His father Simon Malley was born to a Syrian family in Cairo and at an early age found his métier in political journalism. He participated in the wave of anti-imperialist and nationalist ideology that was sweeping the Third World.
He wrote thousands of words in support of struggle against Western nations. In Paris, he founded the journal Afrique Asie; he and his magazine became advocates for "liberation" struggles throughout the world, particularly for the Palestinians.
Simon
Malley loathed Israel and anti-Israel activism became a crusade for
him-as an internet search would easily show. He spent countless hours
with Yasser Arafat and became a close friend of Arafat.
He was, according
to Daniel Pipes, a sympathizer of the Palestinian Liberation
Organization --- and this was when it was at the height of its terrorism
wave against the West. His efforts were so damaging to France that
President Valerie d'Estaing expelled him from the country.
Malley
has seemingly followed in his father's footsteps: he represents the
next generation of anti-Israel activism. Through his writings he has
served as a willing propagandist, bending the truth (and more) to serve
an agenda that is marked by anti-Israel bias; he heads a group of Middle
East policy advisers for a think-tank funded (in part) by anti-Israel
billionaire activist George Soros; and now is on the foreign policy
staff of a leading Presidential contender. Each step up the ladder seems
to be a step closer towards his goal of empowering radicals and
weakening the ties between American and our ally Israel.

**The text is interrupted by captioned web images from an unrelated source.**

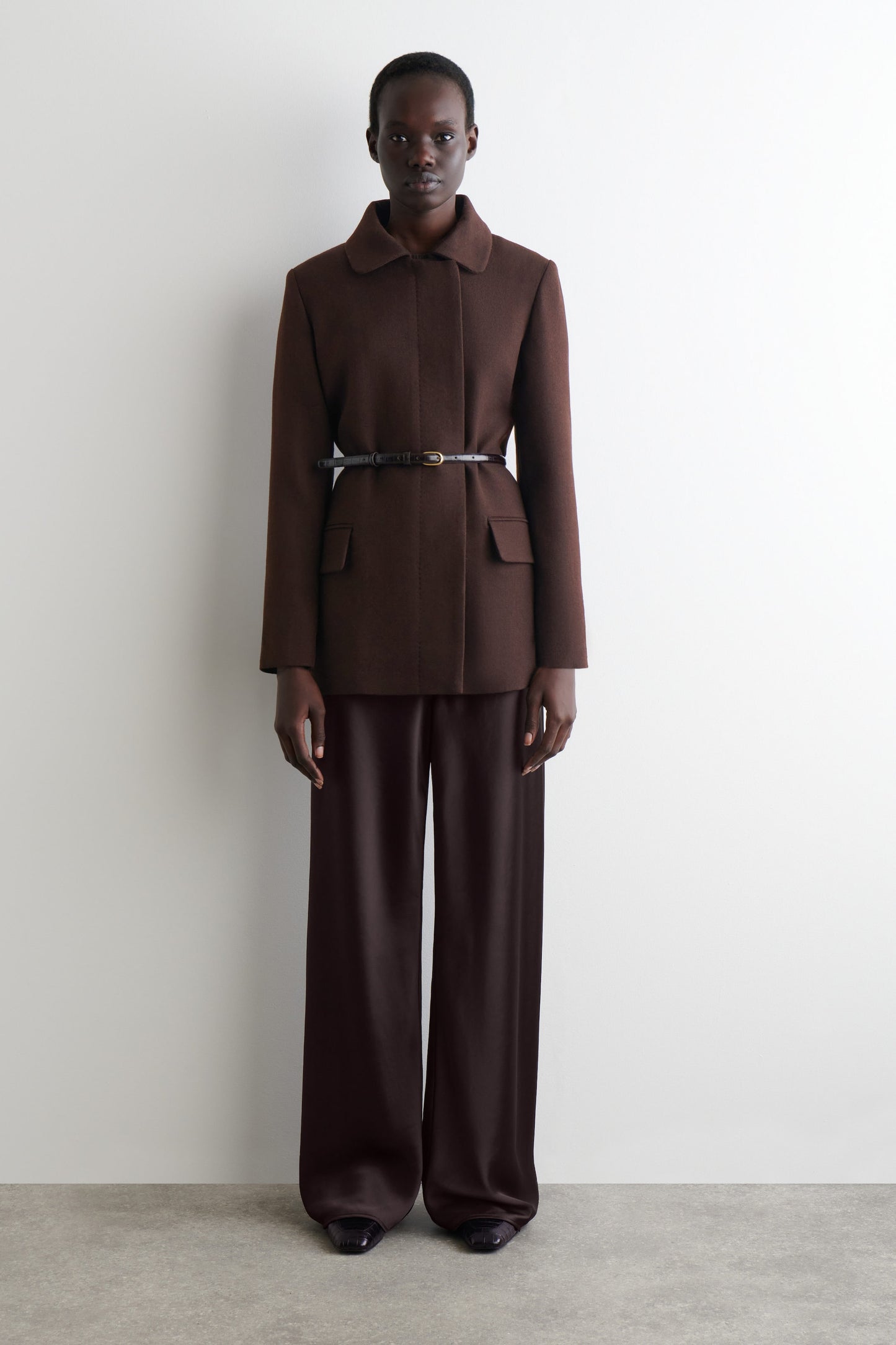 Satin Wide-Leg Trousers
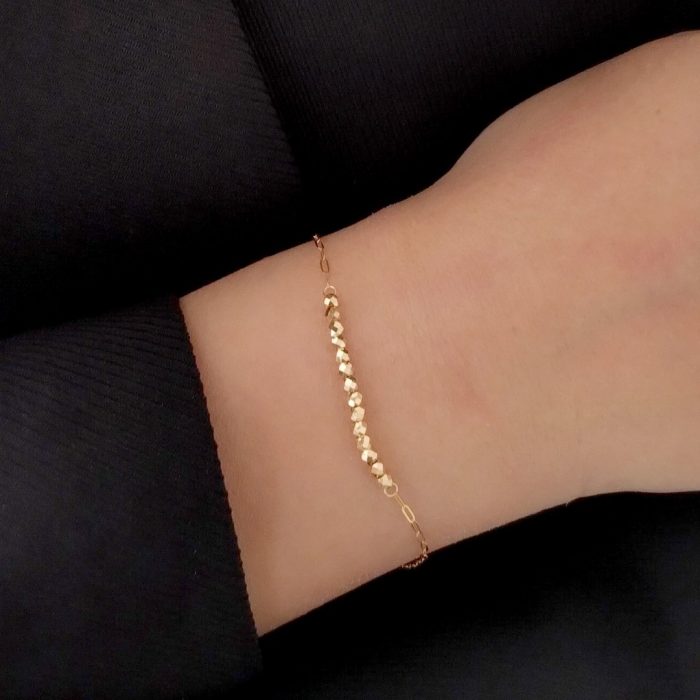 دستبند زنجیری زنانه کد 6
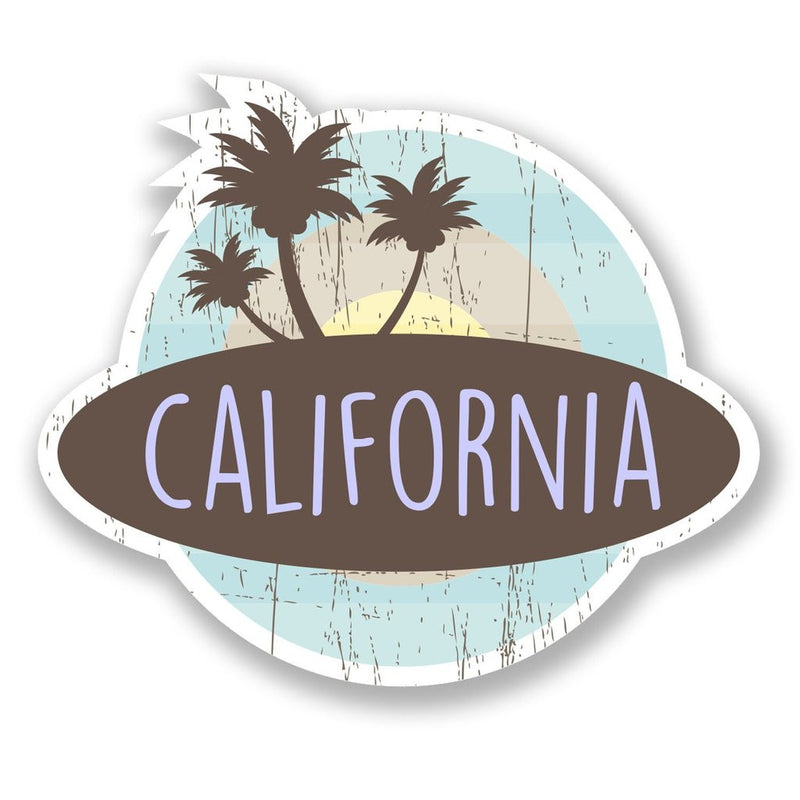 2 x California USA Vinyl Sticker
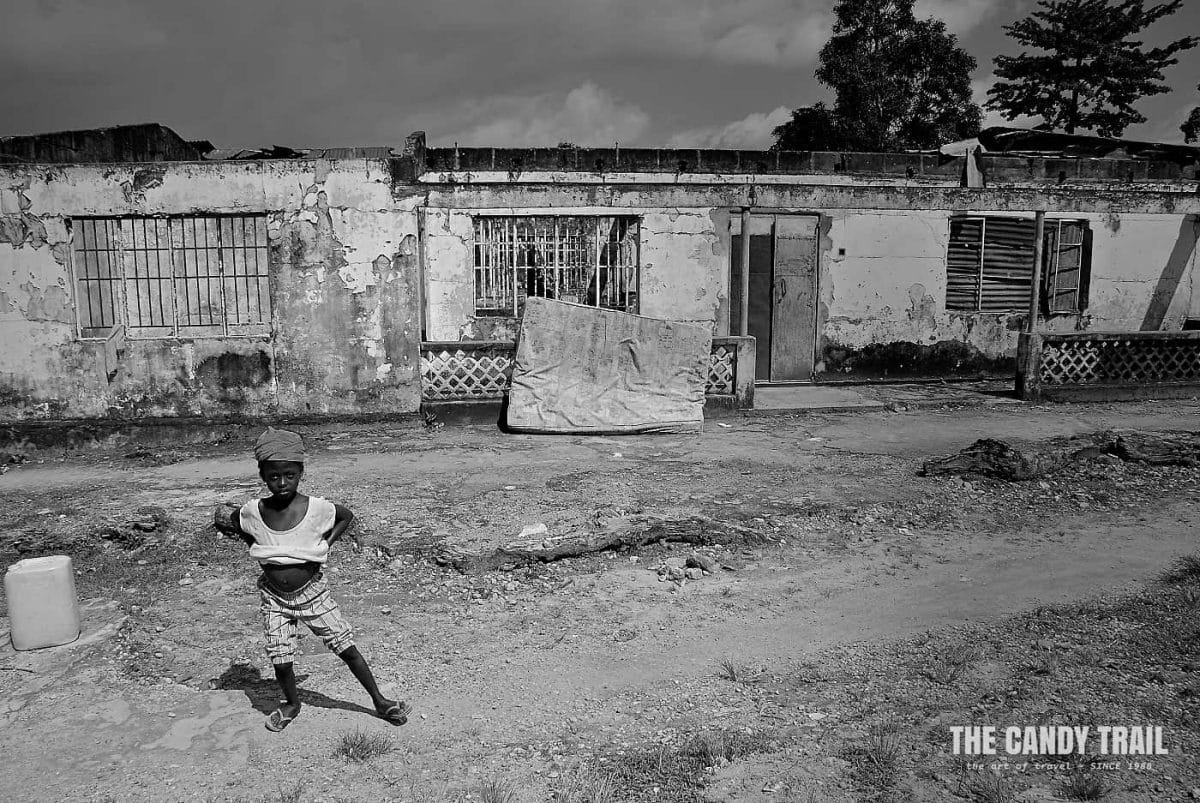 Sierra Leone village still war-ravaged.
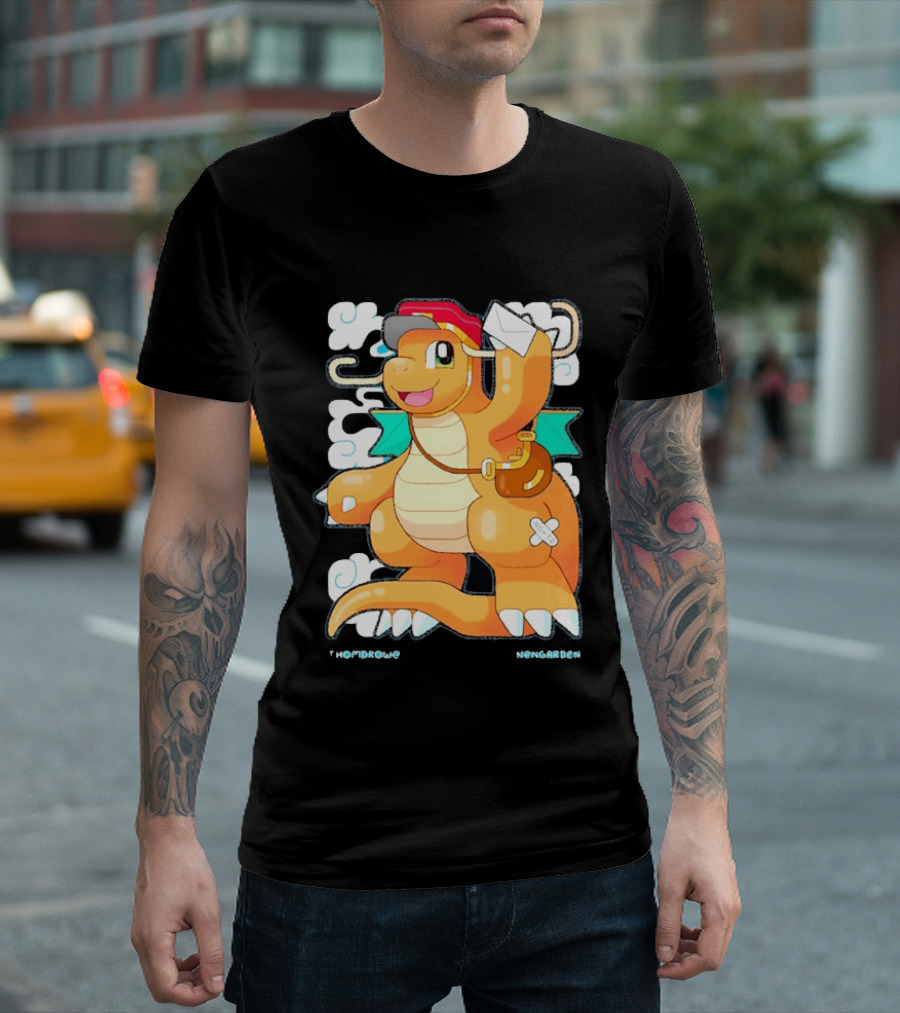 Thomdrower Nengarden Dragonite Mail Carrier T-Shirt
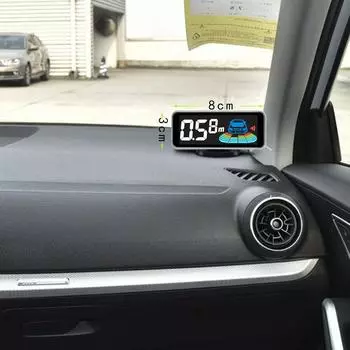Комплект датчиков парковки Car 4, система радаров заднего хода, голосовой зуммер, детектор помощи при движении задним ходом, парктроник
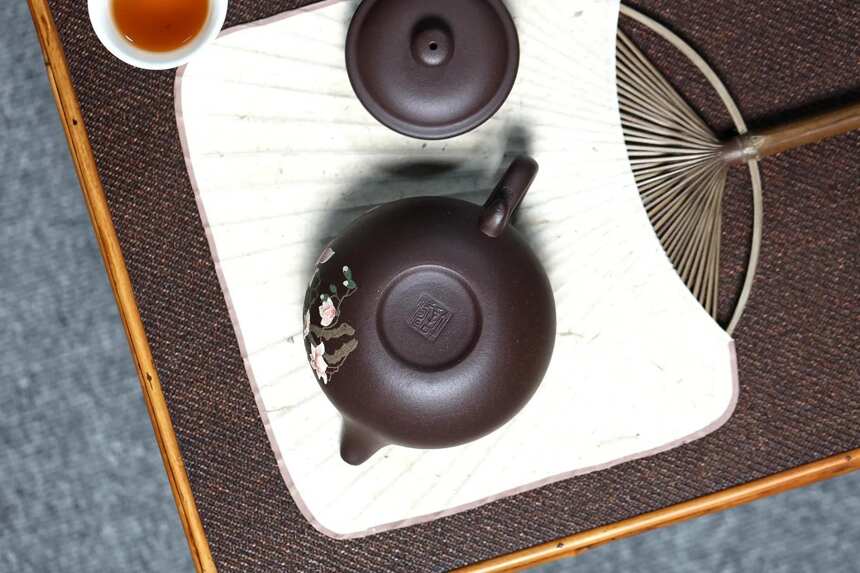 「仿古」许涛（国工艺美术师）宜兴原矿紫砂茶壶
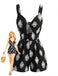 Black 1950s Cutout Twist-Front Romper - vintage romper, retro jumpsuit for vintage lovers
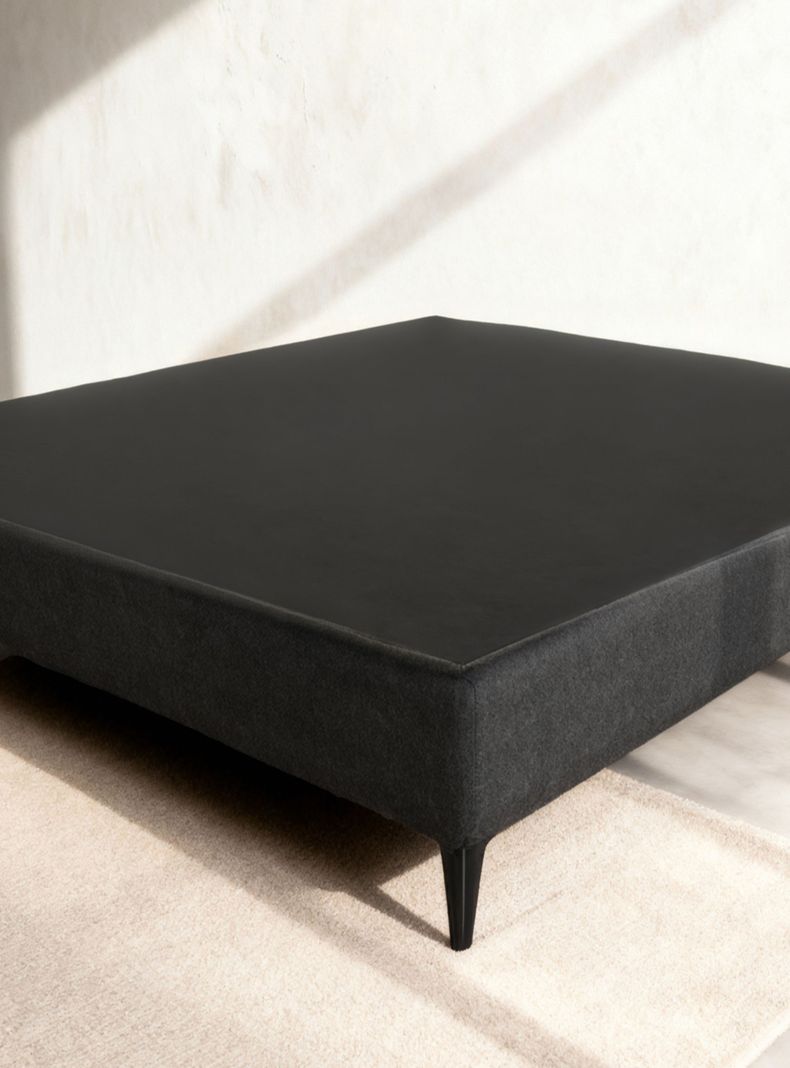 Base Cama 1,5 Plazas Hypnos Gris Oscuro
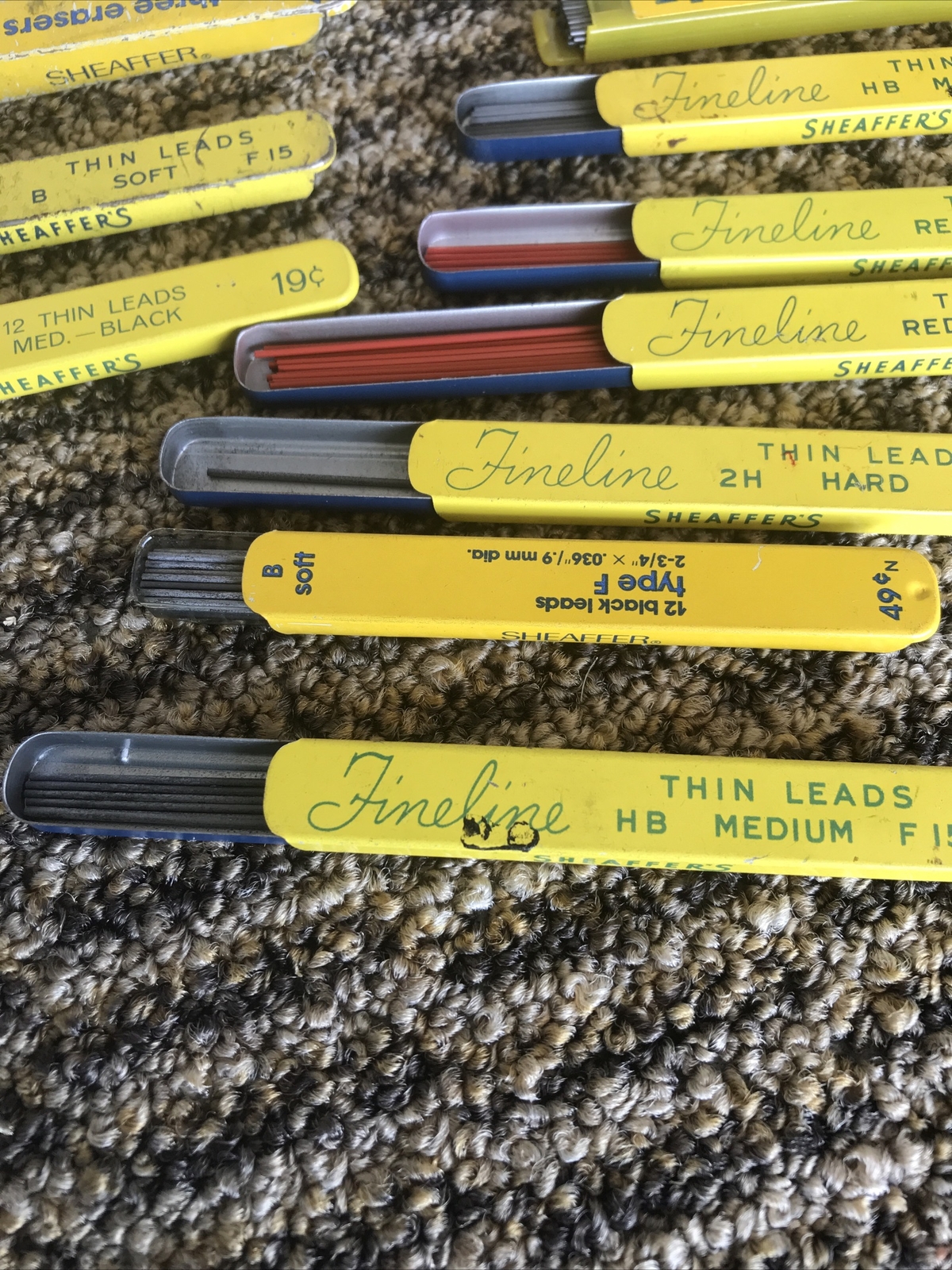 Lot Of Vintage Sheaffer Fineline Thin Leads Mixed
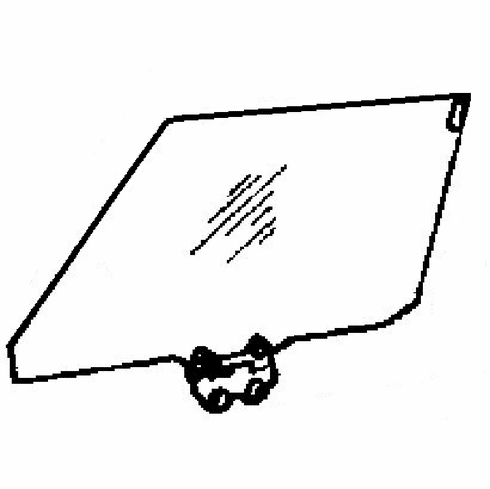 DIY Rear Door Glass Passenger Side Cadillac Fleetwood  Sedan 1980  1984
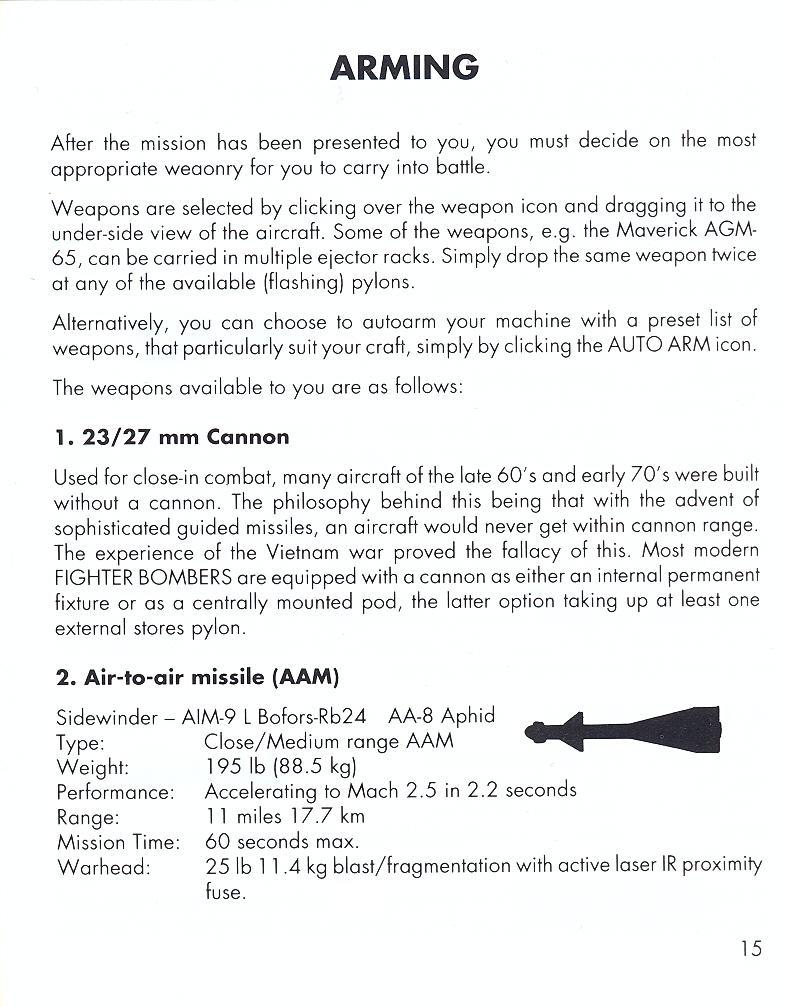 Fighter Bomber manual page 15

Robert Malley's writings strike me as being akin to propaganda. One notable example is an op-ed that was published in the New York Times (Fictions About the Failure at Camp David). The column indicted Israel for not being generous enough at Camp David and blamed the failure of the talks on the Israelis.
Malley
has repeated this line of attack in numerous op-eds over the years,
often co-writing with Hussein Agha, a former adviser to Yasser Arafat
(see, for example, Camp David: The Tragedy of Errors
). He was also believed to be the chief source for an article by
Deborah Sontag that whitewashed Arafat's role in the collapse of the
peace process, an article that has been widely criticized as riddled with errors and bias.
Malley
is a revisionist and his views are sharply at odds with the views of
others who participated at Camp David, including Ambassador Dennis Ross
and President Bill Clinton. Malley's myth-making has been peddled in the notably anti-Israel magazine, Counterpunch and by Norman Finkelstein, the failed academic recently denied tenure
at DePaul University . Malley's Camp David propaganda has also become
fodder for Palestinians, Arab rejectionists, and anti-Israel activists
across the world.
What could go wrong?
He can share a halal non alcoholic beer with John Brennan CIA chief, who refuses to refer to Jerusalem by name, preferring instead al-Quds.